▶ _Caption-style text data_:
"""

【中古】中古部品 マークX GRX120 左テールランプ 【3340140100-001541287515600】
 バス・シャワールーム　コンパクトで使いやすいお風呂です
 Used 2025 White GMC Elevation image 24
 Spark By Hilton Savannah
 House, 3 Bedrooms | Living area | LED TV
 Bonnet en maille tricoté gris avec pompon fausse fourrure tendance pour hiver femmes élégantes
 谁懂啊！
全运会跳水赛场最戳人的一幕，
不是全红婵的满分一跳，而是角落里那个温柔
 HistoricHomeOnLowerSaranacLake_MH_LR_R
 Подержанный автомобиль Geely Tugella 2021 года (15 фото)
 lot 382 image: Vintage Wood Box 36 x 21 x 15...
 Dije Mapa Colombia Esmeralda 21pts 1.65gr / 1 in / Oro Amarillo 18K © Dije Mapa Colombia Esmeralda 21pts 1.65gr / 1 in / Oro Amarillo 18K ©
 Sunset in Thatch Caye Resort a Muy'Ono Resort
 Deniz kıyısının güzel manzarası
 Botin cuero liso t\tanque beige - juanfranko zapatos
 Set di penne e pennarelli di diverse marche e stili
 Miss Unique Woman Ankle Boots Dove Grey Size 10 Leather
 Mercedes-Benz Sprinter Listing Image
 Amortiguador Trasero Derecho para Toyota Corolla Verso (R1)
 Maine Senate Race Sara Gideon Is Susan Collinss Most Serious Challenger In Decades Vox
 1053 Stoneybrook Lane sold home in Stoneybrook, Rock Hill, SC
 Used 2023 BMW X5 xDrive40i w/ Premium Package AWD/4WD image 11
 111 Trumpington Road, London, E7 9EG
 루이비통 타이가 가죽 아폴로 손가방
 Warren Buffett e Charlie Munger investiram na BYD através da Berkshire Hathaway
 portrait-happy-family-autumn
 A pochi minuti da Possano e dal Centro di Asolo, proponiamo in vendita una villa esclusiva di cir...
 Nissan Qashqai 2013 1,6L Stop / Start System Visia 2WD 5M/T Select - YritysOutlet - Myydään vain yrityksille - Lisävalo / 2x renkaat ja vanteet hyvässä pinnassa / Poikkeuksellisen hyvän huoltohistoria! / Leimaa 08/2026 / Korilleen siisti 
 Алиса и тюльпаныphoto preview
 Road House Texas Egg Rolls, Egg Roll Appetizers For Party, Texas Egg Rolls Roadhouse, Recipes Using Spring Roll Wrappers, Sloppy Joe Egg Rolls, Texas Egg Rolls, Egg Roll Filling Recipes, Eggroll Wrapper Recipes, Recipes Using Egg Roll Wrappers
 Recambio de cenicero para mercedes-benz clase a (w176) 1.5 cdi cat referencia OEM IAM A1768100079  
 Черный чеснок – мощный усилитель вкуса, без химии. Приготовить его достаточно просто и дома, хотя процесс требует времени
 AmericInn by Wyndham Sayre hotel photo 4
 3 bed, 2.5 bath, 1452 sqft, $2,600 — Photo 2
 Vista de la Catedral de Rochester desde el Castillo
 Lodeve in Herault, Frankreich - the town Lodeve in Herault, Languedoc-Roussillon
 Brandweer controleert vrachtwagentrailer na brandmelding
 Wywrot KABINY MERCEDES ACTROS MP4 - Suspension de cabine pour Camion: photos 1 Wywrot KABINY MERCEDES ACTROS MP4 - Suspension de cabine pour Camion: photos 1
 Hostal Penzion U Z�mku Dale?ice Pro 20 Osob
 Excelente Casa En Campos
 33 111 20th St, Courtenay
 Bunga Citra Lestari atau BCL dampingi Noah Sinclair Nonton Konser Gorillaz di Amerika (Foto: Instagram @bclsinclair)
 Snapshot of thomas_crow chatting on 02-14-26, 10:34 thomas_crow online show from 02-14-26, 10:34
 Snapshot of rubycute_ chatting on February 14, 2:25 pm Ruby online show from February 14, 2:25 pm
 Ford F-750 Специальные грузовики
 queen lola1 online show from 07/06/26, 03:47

"""

Using only the entries above, output the line with "Подержанный автомобиль Geely", the line with "Amarillo 18K © Dije", and all lines between them, exactly as they stand.

 Подержанный автомобиль Geely Tugella 2021 года (15 фото)
 lot 382 image: Vintage Wood Box 36 x 21 x 15...
 Dije Mapa Colombia Esmeralda 21pts 1.65gr / 1 in / Oro Amarillo 18K © Dije Mapa Colombia Esmeralda 21pts 1.65gr / 1 in / Oro Amarillo 18K ©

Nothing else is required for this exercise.